Creating Multiple Fields

You can also create multiple fields in a single request by concatenating custom fields objects. For eg, you can have the following XML to create two follow up fields.

<createMetadata xmlns="http://soap.sforce.com/2006/04/metadata">
    <metadata xsi:type="CustomField">
        <fullName>Opportunity.follow_up__c</fullName>
        <label>Number of Follow Ups</label>
        <type>Number</type>
    </metadata>
    <metadata xsi:type="CustomField">
        <fullName>Opportunity.follow_up_1__c</fullName>
        <label>Number of Follow Ups 1</label>
        <type>Number</type>
    </metadata>
</createMetadata>

But there’s a caveat here. You can create maximum of ten fields at once. If you have more than 10, you would have to break down the request into two or more.


So, that’s how you create custom fields in Salesforce.
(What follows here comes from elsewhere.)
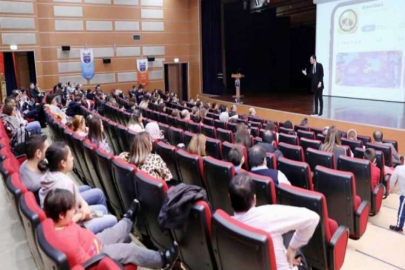 SANKO’DA ‘TEKNOLOJİ, ÇOCUĞUM VE BEN’ KONULU KONFERANS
Two important things though. First, to show the field in the UI, you would have to edit the page layout and add the field in it (Setup > Object Manager > [Your Object] > Page Layouts > [Page Layout to Edit]). Second, to make the field accessible you have to set permissions to make it editable by the appropriate role.

I’ll be writing posts on how to do both of these tasks with API, too.